Come visit me on my new You Tube channel! Today I introduce myself and answer everyone’s burning question: how do you match socks when you have 18 feet?
Come visit me on my new You Tube channel! Today I introduce myself and answer everyone’s burning question: how do you match socks when you have 18 feet?
I had a moment the other morning. You know the kind? A “Mother of the Year” moment.
I’m telling you this because I used to think that mothers of large families were different. I used to think they had a special gift, a special patience, a special temperament. That they were “good with children,” whereas I wasn’t. I used to think that mothers of large families found joy in the little aggravations of motherhood, whereas I found exasperation. I used to think that they had boundless patience and energy, whereas I ran out of both shortly after getting up in the morning.
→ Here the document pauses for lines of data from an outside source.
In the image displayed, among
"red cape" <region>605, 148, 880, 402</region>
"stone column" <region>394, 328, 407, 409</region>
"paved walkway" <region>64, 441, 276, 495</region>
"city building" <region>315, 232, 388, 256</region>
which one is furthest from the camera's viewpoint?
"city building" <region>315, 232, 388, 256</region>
I am now one of those mothers. I have 8 children including a pair of twins. I am expecting my 9th child in the spring of 2014. I am a member of the large family club although I expect someone to knock at my door and revoke my membership any day. Mothers of large family are inspirations. They make people think they can do it too. I don’t think anyone looks at me that way. Or maybe they look at me and think: “Yeah… let’s not and say we did.”
Mothers of large families have moments too. Moments like the other morning, when my 4 year-old woke-up just a little too early. I dragged my sorry behind to the kitchen to help her with breakfast before she could wake-up the twins. No luck: I heard one baby stir and thought that I may be able to nurse him back to sleep for another hour or two. I hurried to prepare my daughter’s bowl of cereal before the crying twin could wake-up his sister. Doing so, I inadvertently poured the milk instead of letting her do it. We’ve all done this right? Except that the difference between you and I is that you only have two children: I’ve had 17 years to learn these lessons and I still screw-up.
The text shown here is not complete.